Please output the data below exactly as given, starting at its first line and stopping after the line that contains "Renard pastel blanc".
Segment Start: DATA FOR PROCESSING
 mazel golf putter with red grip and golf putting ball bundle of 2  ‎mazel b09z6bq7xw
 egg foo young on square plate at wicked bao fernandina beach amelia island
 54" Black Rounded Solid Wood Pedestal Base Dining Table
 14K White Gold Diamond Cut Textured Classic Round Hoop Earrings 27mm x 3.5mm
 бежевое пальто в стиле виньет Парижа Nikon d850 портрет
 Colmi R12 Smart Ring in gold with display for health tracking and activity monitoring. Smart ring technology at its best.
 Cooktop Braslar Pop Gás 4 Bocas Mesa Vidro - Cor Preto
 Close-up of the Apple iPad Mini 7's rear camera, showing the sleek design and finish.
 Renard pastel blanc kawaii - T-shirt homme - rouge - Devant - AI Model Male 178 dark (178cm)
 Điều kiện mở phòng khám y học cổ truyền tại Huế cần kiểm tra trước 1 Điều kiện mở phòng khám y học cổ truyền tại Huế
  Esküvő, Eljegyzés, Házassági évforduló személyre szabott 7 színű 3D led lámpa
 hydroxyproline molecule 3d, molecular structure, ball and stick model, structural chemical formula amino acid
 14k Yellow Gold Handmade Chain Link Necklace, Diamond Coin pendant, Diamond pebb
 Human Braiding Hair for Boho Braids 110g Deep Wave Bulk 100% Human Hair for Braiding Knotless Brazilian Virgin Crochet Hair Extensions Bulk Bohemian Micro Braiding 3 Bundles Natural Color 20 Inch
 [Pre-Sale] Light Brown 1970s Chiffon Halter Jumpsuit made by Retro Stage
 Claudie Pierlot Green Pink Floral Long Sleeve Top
Segment End: DATA FOR PROCESSING
EXPECTED ANSWER>
 mazel golf putter with red grip and golf putting ball bundle of 2  ‎mazel b09z6bq7xw
 egg foo young on square plate at wicked bao fernandina beach amelia island
 54" Black Rounded Solid Wood Pedestal Base Dining Table
 14K White Gold Diamond Cut Textured Classic Round Hoop Earrings 27mm x 3.5mm
 бежевое пальто в стиле виньет Парижа Nikon d850 портрет
 Colmi R12 Smart Ring in gold with display for health tracking and activity monitoring. Smart ring technology at its best.
 Cooktop Braslar Pop Gás 4 Bocas Mesa Vidro - Cor Preto
 Close-up of the Apple iPad Mini 7's rear camera, showing the sleek design and finish.
 Renard pastel blanc kawaii - T-shirt homme - rouge - Devant - AI Model Male 178 dark (178cm)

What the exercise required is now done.